Cleaning up the generated image (background removal)
After generating the new asset, we may want to remove the background to isolate the object. This is particularly useful for game assets that need to be placed on different backgrounds or integrated into various environments.
[
{
"taskType": "imageBackgroundRemoval",
"taskUUID": "{{taskUUID}}",
"inputImage": "{{generatedImage}}"
}
]
As simple as that! The background removal model will analyze the generated image and separate the foreground (the asset) from the background. More documentation on the background removal model can be found here.
Interactive playground
Here's a playground where you can experiment with the workflow. Upload your game asset to preprocess it, generate a new version with the desired style, and remove the background if needed. The playground is divided into three tabs. Each playground contains a set of hidden parameters that will be used to run the workflow. You can modify the visible parameters to experiment with different settings.

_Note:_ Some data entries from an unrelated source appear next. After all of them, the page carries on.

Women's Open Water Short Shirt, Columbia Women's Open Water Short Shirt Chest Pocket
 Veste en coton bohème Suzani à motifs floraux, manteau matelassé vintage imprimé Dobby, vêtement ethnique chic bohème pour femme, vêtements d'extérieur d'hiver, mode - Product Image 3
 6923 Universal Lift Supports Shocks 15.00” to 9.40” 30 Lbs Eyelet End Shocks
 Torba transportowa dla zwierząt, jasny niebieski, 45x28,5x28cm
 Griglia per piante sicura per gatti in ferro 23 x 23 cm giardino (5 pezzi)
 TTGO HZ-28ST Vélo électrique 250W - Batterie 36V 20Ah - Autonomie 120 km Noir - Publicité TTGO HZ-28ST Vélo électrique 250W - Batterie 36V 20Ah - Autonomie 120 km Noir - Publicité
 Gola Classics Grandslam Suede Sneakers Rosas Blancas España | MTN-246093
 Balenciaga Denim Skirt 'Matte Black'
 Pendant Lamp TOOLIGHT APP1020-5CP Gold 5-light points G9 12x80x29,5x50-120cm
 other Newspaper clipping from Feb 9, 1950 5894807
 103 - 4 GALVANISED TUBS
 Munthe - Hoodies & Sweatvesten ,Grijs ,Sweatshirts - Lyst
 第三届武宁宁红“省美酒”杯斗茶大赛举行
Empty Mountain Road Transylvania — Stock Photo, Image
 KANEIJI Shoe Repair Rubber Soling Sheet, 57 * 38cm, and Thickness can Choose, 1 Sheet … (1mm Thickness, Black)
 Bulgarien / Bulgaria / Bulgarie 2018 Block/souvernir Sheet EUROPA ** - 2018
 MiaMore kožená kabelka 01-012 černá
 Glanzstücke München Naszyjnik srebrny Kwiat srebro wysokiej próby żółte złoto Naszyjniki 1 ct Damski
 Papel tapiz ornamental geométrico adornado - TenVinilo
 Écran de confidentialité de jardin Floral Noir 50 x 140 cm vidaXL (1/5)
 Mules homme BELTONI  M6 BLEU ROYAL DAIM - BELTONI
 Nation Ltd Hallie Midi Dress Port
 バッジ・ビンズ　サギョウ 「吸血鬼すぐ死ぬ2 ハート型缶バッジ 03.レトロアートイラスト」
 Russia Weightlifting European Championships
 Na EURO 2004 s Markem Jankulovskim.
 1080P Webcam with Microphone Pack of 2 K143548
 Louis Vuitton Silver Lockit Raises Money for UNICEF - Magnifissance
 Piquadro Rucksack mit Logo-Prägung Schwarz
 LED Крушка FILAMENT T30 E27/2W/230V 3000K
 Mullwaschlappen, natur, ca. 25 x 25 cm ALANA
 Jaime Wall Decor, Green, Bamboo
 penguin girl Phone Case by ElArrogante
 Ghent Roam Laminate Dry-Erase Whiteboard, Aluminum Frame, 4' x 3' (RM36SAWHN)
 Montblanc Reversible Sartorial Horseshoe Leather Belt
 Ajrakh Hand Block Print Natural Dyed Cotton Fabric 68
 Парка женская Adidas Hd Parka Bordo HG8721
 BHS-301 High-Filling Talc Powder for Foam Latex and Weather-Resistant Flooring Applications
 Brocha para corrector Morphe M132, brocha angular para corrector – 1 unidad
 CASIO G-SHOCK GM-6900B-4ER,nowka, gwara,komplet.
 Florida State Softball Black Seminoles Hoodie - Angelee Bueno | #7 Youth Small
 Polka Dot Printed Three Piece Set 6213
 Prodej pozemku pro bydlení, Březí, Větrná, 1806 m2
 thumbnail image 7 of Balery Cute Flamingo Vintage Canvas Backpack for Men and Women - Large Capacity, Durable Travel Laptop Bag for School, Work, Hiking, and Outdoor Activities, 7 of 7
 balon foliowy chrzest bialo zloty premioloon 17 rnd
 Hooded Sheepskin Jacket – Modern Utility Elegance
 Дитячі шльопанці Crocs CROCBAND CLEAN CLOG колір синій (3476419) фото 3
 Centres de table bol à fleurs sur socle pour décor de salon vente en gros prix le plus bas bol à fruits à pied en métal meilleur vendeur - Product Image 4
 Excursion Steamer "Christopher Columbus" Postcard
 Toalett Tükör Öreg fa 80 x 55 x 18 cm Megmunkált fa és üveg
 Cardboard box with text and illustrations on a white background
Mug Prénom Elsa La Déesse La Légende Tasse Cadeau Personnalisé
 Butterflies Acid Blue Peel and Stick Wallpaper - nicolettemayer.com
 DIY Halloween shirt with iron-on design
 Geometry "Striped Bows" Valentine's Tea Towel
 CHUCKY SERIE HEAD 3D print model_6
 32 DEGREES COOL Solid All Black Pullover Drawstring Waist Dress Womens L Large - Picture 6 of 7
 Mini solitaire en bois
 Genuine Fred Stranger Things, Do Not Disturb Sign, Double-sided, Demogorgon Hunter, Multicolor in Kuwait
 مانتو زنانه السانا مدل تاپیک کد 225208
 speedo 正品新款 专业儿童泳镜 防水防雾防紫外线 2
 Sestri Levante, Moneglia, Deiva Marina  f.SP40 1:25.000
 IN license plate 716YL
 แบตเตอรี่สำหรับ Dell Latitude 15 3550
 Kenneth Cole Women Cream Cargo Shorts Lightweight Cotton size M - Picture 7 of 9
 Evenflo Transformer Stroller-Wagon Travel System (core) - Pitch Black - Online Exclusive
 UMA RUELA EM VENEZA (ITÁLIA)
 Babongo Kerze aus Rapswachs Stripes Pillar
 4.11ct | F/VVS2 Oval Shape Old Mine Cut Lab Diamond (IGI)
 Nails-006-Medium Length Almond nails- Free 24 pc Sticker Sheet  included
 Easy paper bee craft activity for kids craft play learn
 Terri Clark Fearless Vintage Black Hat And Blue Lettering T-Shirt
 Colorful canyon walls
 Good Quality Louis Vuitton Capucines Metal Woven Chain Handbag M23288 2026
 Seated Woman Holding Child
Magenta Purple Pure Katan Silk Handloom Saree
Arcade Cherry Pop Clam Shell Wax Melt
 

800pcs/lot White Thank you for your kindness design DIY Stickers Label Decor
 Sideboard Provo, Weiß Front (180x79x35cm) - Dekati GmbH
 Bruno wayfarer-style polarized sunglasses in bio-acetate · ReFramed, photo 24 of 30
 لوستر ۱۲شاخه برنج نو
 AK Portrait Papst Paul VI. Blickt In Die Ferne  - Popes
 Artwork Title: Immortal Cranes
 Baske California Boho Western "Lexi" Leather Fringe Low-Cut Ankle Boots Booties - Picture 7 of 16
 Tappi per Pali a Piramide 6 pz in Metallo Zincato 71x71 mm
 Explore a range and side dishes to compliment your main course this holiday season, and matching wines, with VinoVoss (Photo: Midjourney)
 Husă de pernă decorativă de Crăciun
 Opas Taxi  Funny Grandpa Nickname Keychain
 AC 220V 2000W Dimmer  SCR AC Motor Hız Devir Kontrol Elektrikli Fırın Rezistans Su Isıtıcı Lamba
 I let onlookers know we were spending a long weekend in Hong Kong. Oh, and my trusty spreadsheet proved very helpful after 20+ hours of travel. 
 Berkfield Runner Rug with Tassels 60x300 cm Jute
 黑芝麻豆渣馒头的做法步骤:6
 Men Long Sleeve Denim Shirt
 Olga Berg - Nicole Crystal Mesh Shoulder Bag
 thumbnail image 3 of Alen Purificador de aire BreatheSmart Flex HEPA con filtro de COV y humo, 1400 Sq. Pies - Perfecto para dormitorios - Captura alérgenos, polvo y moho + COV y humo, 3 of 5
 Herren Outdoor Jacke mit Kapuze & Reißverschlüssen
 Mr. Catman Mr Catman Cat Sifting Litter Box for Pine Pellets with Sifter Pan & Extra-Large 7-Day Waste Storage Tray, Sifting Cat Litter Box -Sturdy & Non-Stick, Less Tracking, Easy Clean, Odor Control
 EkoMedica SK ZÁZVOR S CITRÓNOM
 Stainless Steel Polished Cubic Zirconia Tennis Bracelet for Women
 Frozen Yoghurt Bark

You can also explore this workflow in our full-featured playground, available inside the dashboard. It offers the same tools with a more flexible interface, making it easy to upload assets, adjust parameters, and iterate on results in one place.
Conclusion
Using ControlNet with Canny edge detection gives you a reliable way to transform game assets while keeping their structure intact. You can swap styles, add detail, or create entire item sets without losing the shapes and silhouettes that tie everything together.
The key strength here is consistency at scale. Once you’ve set up your workflow, generating dozens of cohesive items becomes a repeatable process, not a manual one-off task. That means fewer bottlenecks, more room for creative direction, and faster turnaround during prototyping or asset expansion.
This setup works especially well when you:
- Need variations of the same object (like biome-specific versions of an item).
- Want to apply a new visual theme across existing assets.
- Care about speed without sacrificing visual coherence.
Tweak the prompts and adjust the parameters sensitivity to fit your needs. Once dialed in, this approach doesn’t just enhance your pipeline, it simplifies it.